El evangelio de este domingo narra la curación de un leproso, que, rompiendo las normas de su tiempo, se acerca a Jesús y, postrado de rodillas, le suplica: «Si quieres, puedes limpiarme». El evangelista dice que a Jesús se le conmovieron las entrañas, le tocó, y usando las mismas palabras del leproso, se las devolvió con la curación: «Quiero, queda limpio». Ha bastado la súplica.
Ahora bien, la curación de la lepra tenía que ser declarada por los sacerdotes. De ahí que Jesús le remita al sacerdote para que certifique que está curado y pueda participar también del culto de la sinagoga. En esta orden de Jesús hay un dato que merece explicación. El texto griego dice que Jesús «se llenó de indignación» al decirle que se presentara ante el sacerdote. Esta actitud no concuerda con la compasión que ha sentido por el leproso. ¿Cómo pudo pasar en tan breves instantes de la compasión al enfado? Es evidente que la indignación no va dirigida al leproso sino a los sacerdotes que criticaban a Jesús porque hacía milagros y sanaba a los enfermos. No querían aceptar que los milagros de Jesús manifestaban claramente su condición de Mesías. Por eso, Jesús envía al leproso curado a los sacerdotes «como un testimonio contra ellos», es decir, como una prueba de su obstinación al no reconocer en Jesús al Mesías. Al tener que verificar la desaparición de la lepra, tenían que admitir que, si era Jesús quien lo había sanado, se debía al poder que habitaba en su persona.
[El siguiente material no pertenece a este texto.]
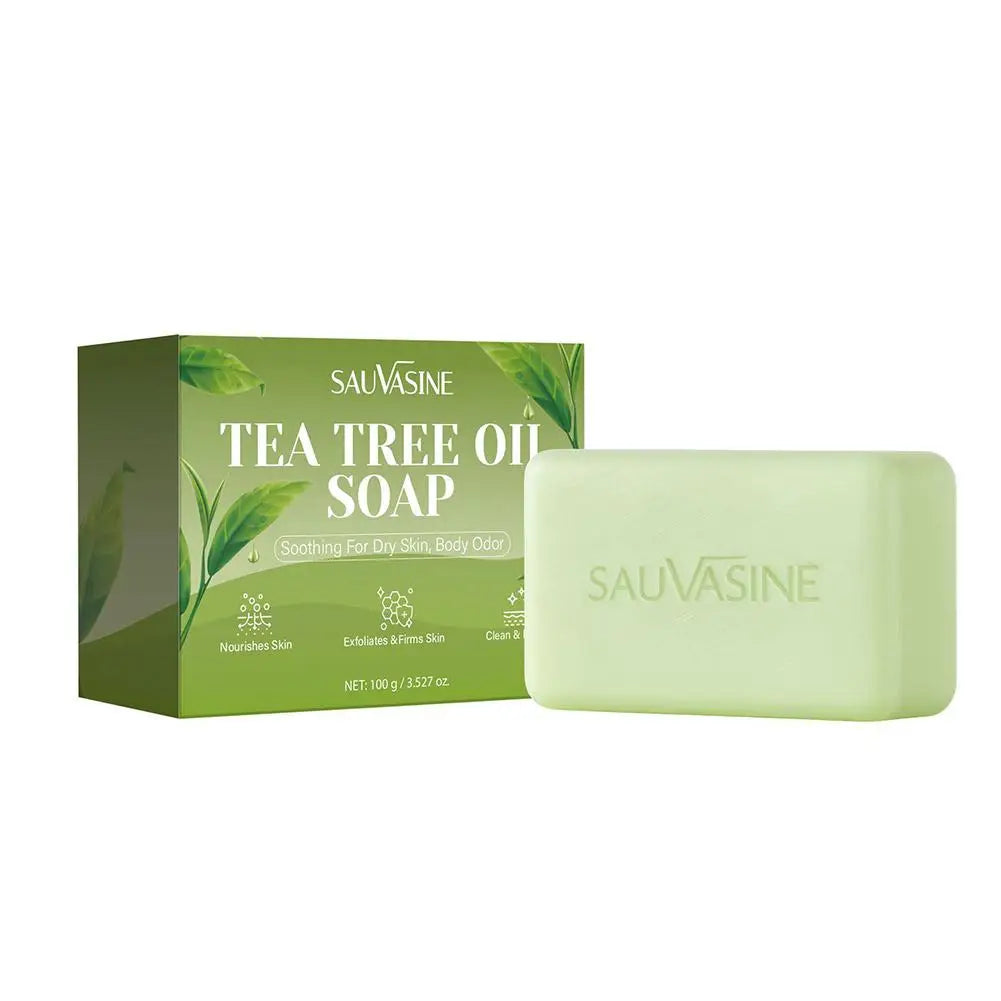 100G Tea Tree Oil Soap Bar for Men & Women, Deep Cleansing, Soothing for Dry Skin, Body Odor Care, Exfoliates & Firms Skin Care Halalzen
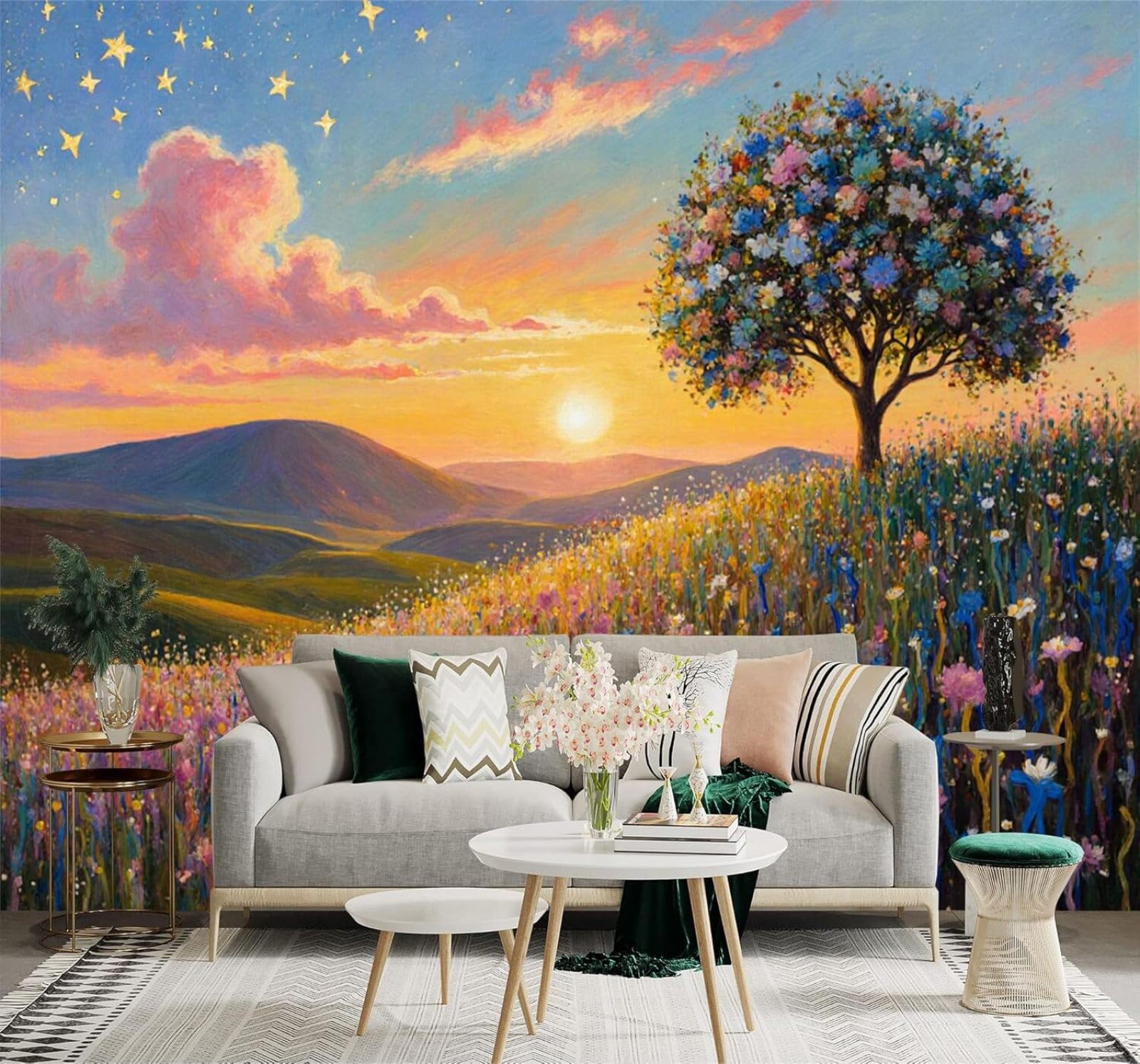 Xlming 300Cm×210Cm(B×H) Sunset Scenery Blossoming Trees Colourful Meadows Starry Sky 3D Wallpaper Premium Textured Silk Study Dining Living Room Bedroom Sofa Tv Wall Easy Install-300Cm×210Cm
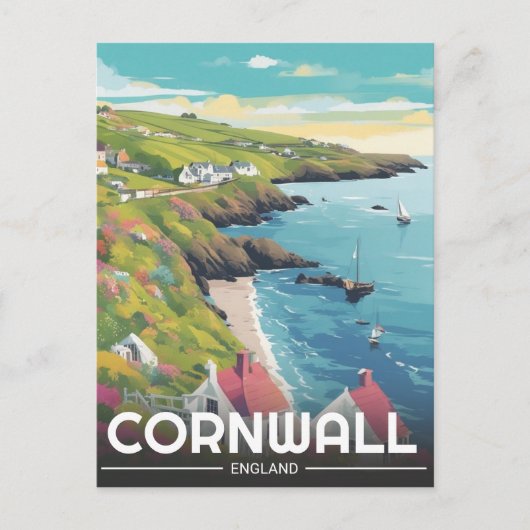 Cornwall graafschap Engeland cornwall kustlijn Feestdagenkaart (Voorkant)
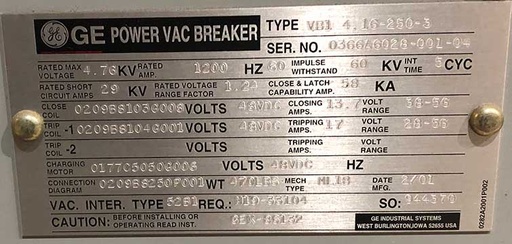 [045017] 1200 Amp, 4760V, GENERAL ELECTRIC POWER VAC BREAKER****PARTS ONLY****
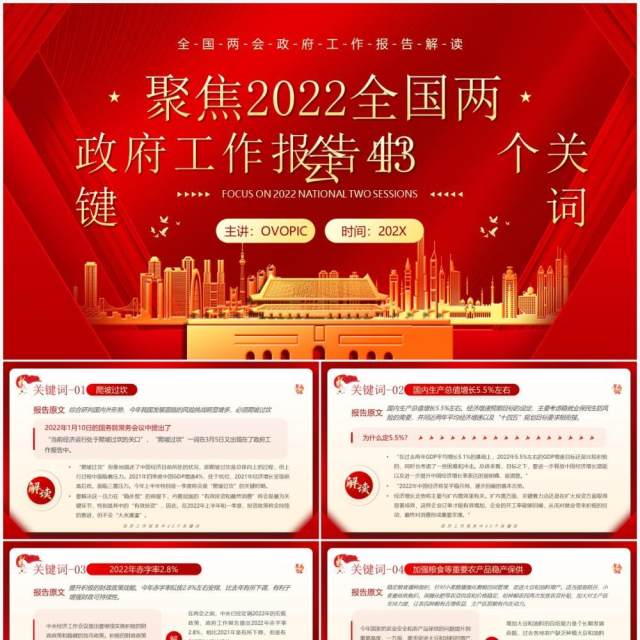红色党政风政府工作报告中四十三个关键词PPT模板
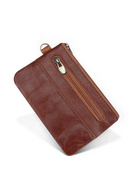 Genuine Leather Unisex Purse Coin Purse Vintage Zipper Short Key Wallet Men Women Small Card Holder Wallet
Ya hemos dicho en varias ocasiones, y conviene repetirlo, que el hecho de que Jesús haga milagros es importante para fortalecer nuestra fe en él. Los milagros de Jesús son un signo de la compasión con el hombre, ciertamente. Pero es verdad que Jesús no hizo todos los milagros que podía haber hecho. En Nazaret y algunos lugares de su entorno, Jesús se negó a hacer milagros porque quienes lo pedían buscaban el espectáculo. Pretendían manipular a Jesús. Jesús siempre se negó a todo intento de manipulación de su persona, como veremos el próximo domingo, al iniciar la Cuaresma. Cuando falta la fe, Jesús se niega a hacer milagros. Pero además de la compasión, los milagros prueban que en Jesús ha llegado la salvación definitiva. Son una prueba de que es el enviado de Dios. Por ello, en más de una ocasión, en sus controversias con los líderes religiosos del pueblo que se niegan a creer en él, les dice: Si no creéis en mí, al menos creed en mis obras, porque las obras que yo hago dan testimonio de mí. Este argumento de Jesús vale para siempre. La fe en Jesús no es algo irracional. Nos adherimos a Cristo no por un impulso emotivo o sentimental, que puede cambiar según el estado anímico. Creemos en él porque nuestra razón asiente a los signos que da como Hijo de Dios que ha venido a sanarnos de algo más que la lepra, la ceguera o la parálisis física. Jesús no es un taumaturgo compasivo que se apiada sólo de aquellos a quienes sana. Ha venido a liberarnos de una lepra espiritual que se llama pecado. Y cuando nos pide la fe, nos ofrece argumentos para que creamos confiadamente, con el corazón y la razón, que realmente él es quien dice ser. La fe tiene argumentos razonables, porque Dios nos ha dado la razón para que creamos también por medio de ella.